What the story means is anyone’s guess. A mysterious figure in a long jacket and gas mask descends into a Stygian underworld in a diving bell, carrying with him a map and a suitcase. On his journey, the character, referred to only as “the assassin” in the credits (there’s no intelligible dialogue in the film’s 83 minutes), observing the many strange and often aggressive creatures that live n this blighted world before reaching a city populated by faceless drones. The assassin seemingly has a mission to kill the city’s monstrous ruler, his suitcase carrying a bomb and he appears to the latest in a long line of would-be killers, coming across a mountain of similar suitcases abandoned by previous assassins. His own bomb fails to go off and he ends up being operated on by a mad surgeon, apparently for the edification of a baying crowd watching on television. The surgeon and his nurse extract a larva-like creature, hooks the assassin up to a television set and the larva, now resembling a child, is given to a floating creature who takes it to the lair of an alchemist. The infant is liquidised and transformed into gold which is used as the basis of a new universe. Somewhere amid all this anarchy is cult film-maker Alex Cox as one of the only human characters, playing “the last human.”

All this probably meant something to Tippett but trying to discern any real meaning from Mad God is a fool’s errand. And it may even be beside the point. What really matters is the film’s dark and brooding atmosphere, it’s grim trip through an imaginary world where all the horrors and nightmares of our own world are vividly made flesh. It’s all wildly inventive and provocative, the work of a man who has absolutely nothing left to prove and who just let’s his prodigious imagination run riot, daring us to keep up with him and showing little patience with those who don’t. The closest point of comparison might be the films of Jan Svankmajer, thebolexbrothers or the Brothers Quay but such comparisons don’t really come close to explaining Mad God.

The look of the film is extraordinary – the underworld is a harrowing steampunk nightmare (dystopias rarely come as horrifically dystopian as this) with plenty of images that are designed expressly to shock – a filth encrusted, doll-like woman masturbating in a dank cell; an audience whooping it up at a live medical torture show; a restrained giant being force fed toxic waste; and much more besides. There are nods and tips of the hat to Starship Troopers (1997) (for which Tippett designed and animated the alien bugs) 2001: A Space Odyssey (1968), Eraserhead (1976), The Terminator (1984) and RoboCop but they just serve to further highlight how truly strange Mad God really is.

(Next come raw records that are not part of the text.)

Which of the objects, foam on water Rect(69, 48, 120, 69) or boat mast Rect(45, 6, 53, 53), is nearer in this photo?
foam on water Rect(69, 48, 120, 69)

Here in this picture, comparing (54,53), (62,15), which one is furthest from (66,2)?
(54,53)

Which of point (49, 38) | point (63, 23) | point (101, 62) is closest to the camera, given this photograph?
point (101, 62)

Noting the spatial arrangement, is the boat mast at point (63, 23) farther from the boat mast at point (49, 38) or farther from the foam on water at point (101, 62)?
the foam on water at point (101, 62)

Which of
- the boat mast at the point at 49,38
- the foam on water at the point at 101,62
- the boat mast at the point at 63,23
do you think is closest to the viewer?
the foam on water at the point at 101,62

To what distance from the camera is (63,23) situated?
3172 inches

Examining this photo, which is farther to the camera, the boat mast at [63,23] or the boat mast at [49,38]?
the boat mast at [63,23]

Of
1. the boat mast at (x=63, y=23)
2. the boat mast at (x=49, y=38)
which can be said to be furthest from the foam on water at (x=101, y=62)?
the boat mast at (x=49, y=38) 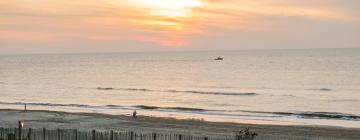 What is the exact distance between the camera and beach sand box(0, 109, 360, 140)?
34562mm

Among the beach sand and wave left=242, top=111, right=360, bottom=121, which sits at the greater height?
wave left=242, top=111, right=360, bottom=121

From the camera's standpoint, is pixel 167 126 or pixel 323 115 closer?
pixel 167 126

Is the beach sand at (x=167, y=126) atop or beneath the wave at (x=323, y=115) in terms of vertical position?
beneath

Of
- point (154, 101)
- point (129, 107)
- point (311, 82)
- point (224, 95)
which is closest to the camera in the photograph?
point (129, 107)

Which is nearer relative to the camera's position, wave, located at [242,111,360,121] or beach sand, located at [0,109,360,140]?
beach sand, located at [0,109,360,140]

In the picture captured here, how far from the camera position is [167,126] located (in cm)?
3788

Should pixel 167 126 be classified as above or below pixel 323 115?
below

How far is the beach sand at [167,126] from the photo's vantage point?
34562 mm

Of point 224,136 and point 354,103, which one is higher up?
point 354,103

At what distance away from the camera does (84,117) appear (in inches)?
1684

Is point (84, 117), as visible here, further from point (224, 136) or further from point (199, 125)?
point (224, 136)

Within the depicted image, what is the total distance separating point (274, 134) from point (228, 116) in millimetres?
14562

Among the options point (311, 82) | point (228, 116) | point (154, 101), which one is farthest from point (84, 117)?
point (311, 82)

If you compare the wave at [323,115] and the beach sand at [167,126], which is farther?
the wave at [323,115] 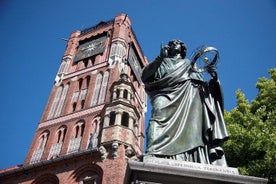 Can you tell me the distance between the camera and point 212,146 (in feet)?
13.5

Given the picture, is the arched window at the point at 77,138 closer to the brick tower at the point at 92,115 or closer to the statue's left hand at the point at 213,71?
the brick tower at the point at 92,115

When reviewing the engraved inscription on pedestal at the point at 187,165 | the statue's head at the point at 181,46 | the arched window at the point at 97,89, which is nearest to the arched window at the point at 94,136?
the arched window at the point at 97,89

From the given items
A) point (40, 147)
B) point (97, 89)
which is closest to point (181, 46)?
point (40, 147)

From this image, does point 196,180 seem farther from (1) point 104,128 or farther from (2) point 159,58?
(1) point 104,128

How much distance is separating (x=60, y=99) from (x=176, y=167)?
30168mm

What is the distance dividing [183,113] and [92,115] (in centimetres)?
2423

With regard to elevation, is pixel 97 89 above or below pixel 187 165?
above

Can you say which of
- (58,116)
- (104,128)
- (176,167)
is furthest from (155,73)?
(58,116)

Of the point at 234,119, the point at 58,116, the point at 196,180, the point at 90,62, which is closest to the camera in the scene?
the point at 196,180

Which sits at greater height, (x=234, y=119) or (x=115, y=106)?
(x=115, y=106)

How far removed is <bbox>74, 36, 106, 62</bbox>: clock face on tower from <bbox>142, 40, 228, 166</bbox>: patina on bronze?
32.3 meters

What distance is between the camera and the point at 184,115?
14.0 ft

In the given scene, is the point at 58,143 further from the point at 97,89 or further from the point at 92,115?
the point at 97,89

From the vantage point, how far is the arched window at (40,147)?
26891 mm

The world Tippett creates is so satisfyingly bizarre, so disturbing and so terrifying that it couldn’t be any further from the blockbusters that Tippett had spent his career working on if it tried. Imagine a meeting of creative minds between Hieronymus Bosch and David Lynch and you’ll be heading in the right direction though Mad God is such a singular vision that no comparison stands up. There was nothing in the work Tippett did elsewhere that suggested such a film was in him. One can’t help feeling a little cheated that it took him 30 years to finish it – had he been able to finish it sooner we might have had many years of this sort of thing to enjoy.

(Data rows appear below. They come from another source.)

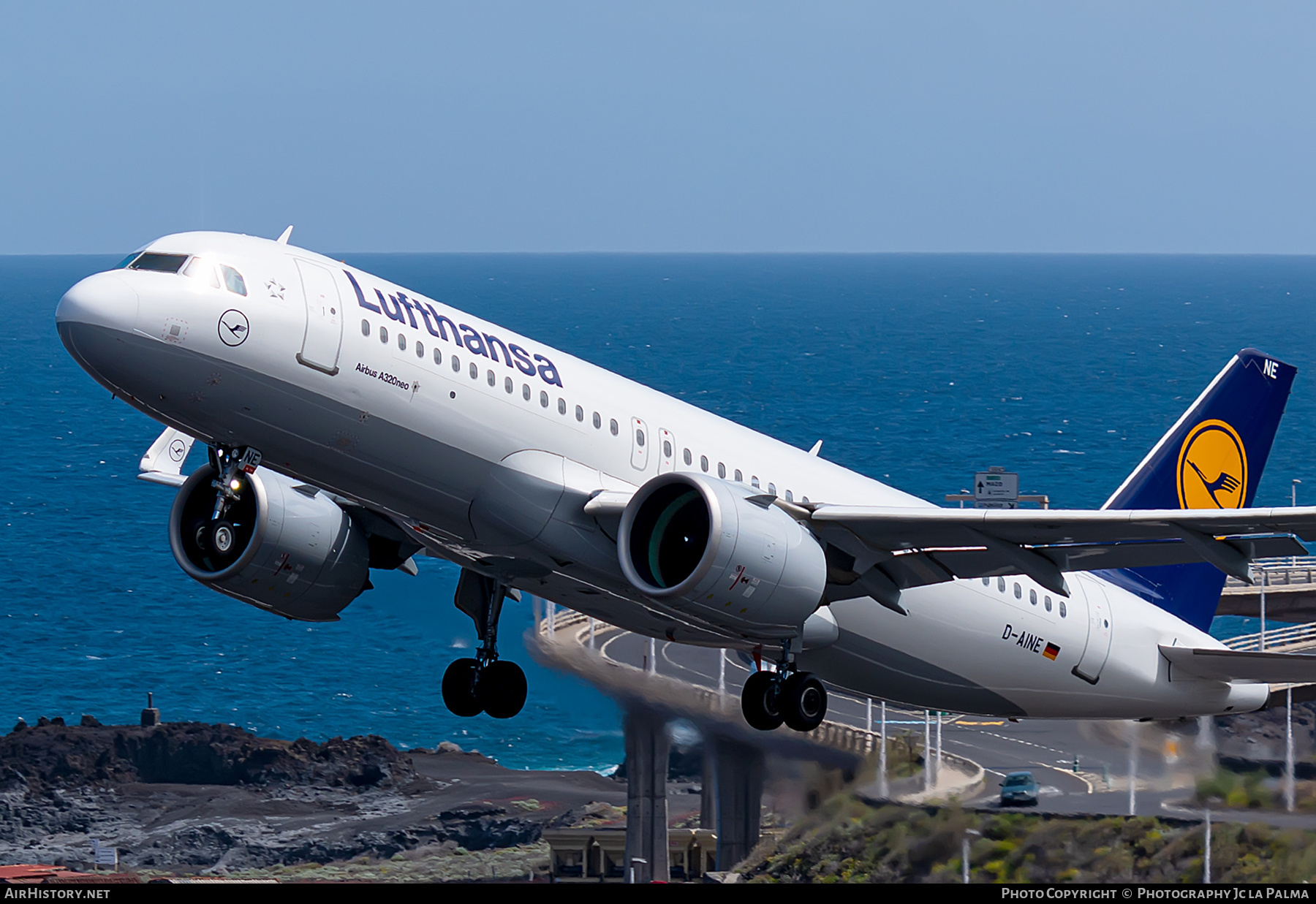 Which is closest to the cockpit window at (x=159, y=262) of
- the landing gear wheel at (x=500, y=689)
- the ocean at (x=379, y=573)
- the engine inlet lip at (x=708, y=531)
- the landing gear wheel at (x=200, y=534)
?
the landing gear wheel at (x=200, y=534)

Mad God (available to stream on Shudder at the time of writing) is not a film to watch if you’re feeling emotionally fragile – it’s a draining and unremittingly grim parade of cruelty, horror and suffering but it’s none the less brilliant for all that. There’s a lovely moment near the end where we glimpse the new universe, a gorgeous, brightly coloured existence being grown in a large tube (though a place where there are still predatory giant spiders, albeit beautifully coloured ones) and we’re allowed to enjoy it for a few brief seconds before being dragged back into Hell again. It’s a brutal but strangely attractive film, the work of a true visionary (that’s a word that gets bandied about too often these days but it fits perfectly here) and a film that throws down another gauntlet for future stop-motion animators. One suspects that its cult status is already well established but that in years to come, as people go over it again and again vainly searching for some sort of meaning, that it’s only going to become even more exalted. And rightly so.